大きくて優しい犬もいるでしょ。赤ちゃんをジイっと見たときみたいにとろけるような思いになるから、犬も嫌いではないんですけど。

 

猫写真家の土肥さんも、猫派ですよね?

土肥

猫も犬(柴犬)も一緒に暮らしてるので、どっちも好きです。柴犬は海外では「猫っぽい犬」といわれてるらしく、柴犬の猫っぽい性質がどうも好きみたい。マイペースでツンデレな生き物が好きです。なので、猫派!?

猫のどんなところが好きですか。

名越

うちのバンドリーダーの佐藤さんの家の2匹の保護猫が、僕が来たらすごく甘えてきてくれるんです。2回か3回目には僕のスネをこすってくるようになって、「こんなこと今までの来客ではなかった」って言われてうれしくなって。今では僕の横に座って「はい、お尻叩きなさい」って待ってるから、「こっちも腰こっとんねん」って思ってます(笑)。

 

土肥

猫の好きなところはかわいいところと、マイペースで自由を愛してるところ。甘えん坊だったりクールだったり、振り幅が大きいところにも翻弄されます。

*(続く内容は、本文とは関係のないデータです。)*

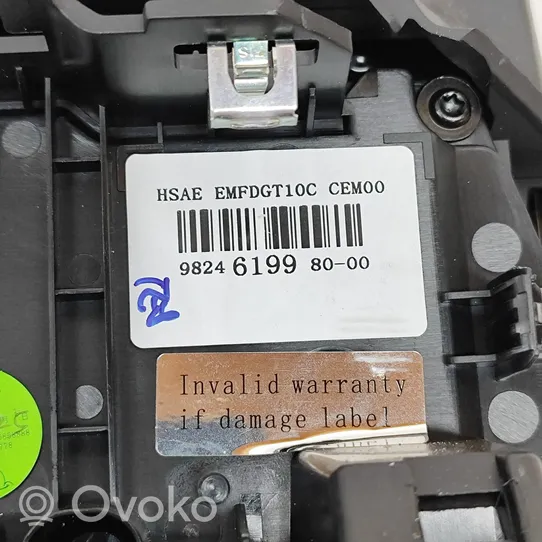 Peugeot 208 Monitor / wyświetlacz / ekran 9824619980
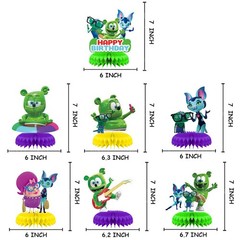 Gummy Bear and friends Honeycomb Centerpieces Table Toppers Decor Birthday Party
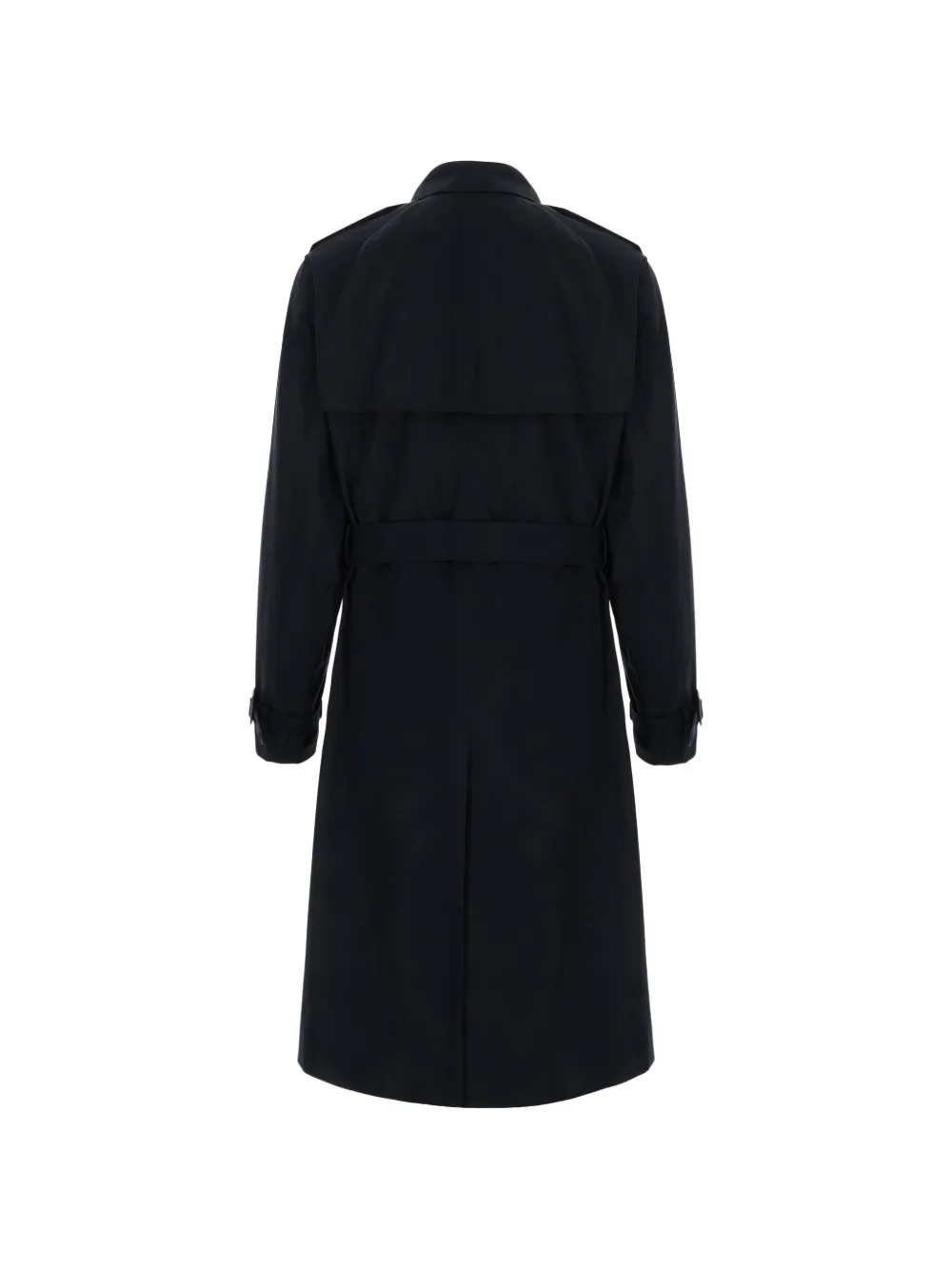 BOSS Jared waterafstotende trenchcoat van katoenen twill Zwart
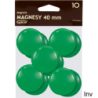 Magnesy magnetyczne zielone 40 mm Grand, opakowanie 10 sztuk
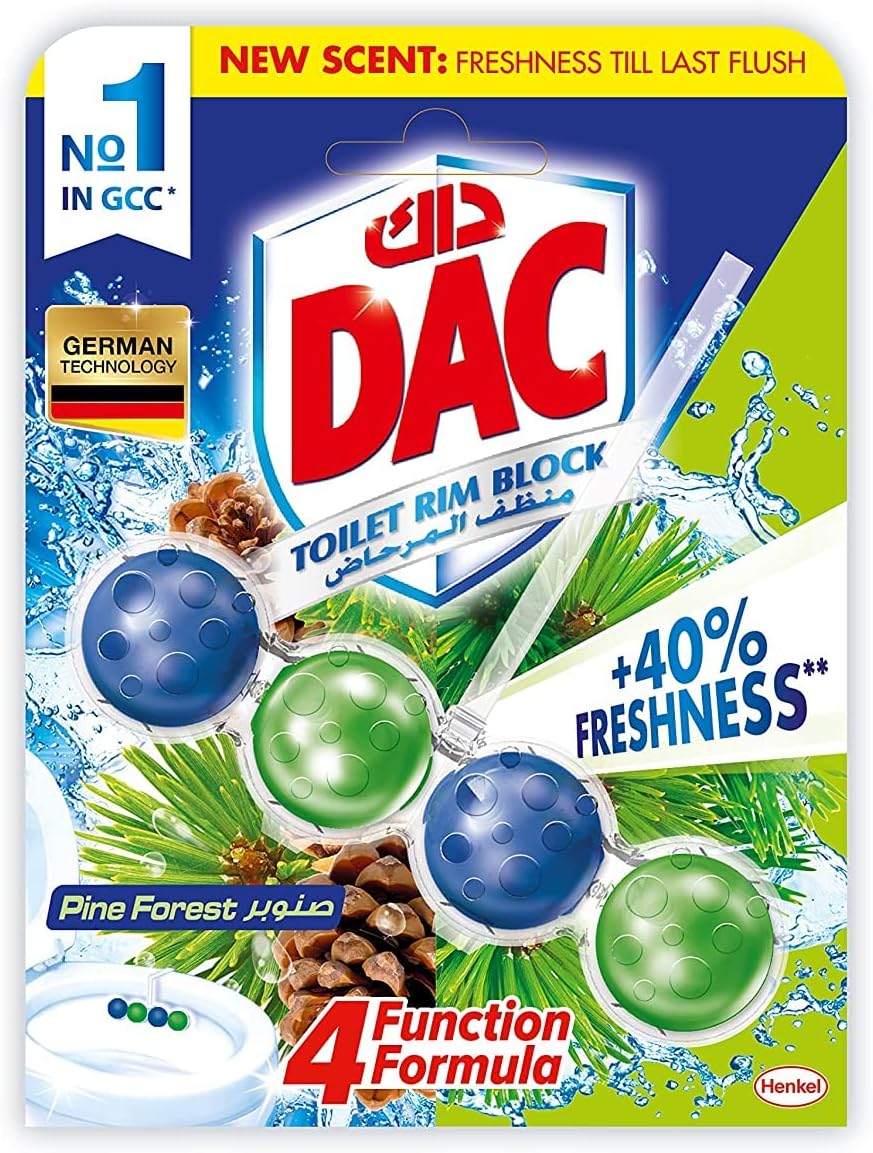 Dac Power Active Toilet Rim Blocks Pine 50 g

撮影している北海道の猫、ケンジはメンタルが安定していて、猫っぽい自分勝手さやネガティブさがあまりないところが好きです。猫の好きなところもケンジの好きなところもたくさんありすぎて、困りますね。

撮影:土肥美帆 『みんなケンジでご機嫌だべや』(土肥美帆著/河出書房新社)より。ケンジは大きな体とシブい表情が人気。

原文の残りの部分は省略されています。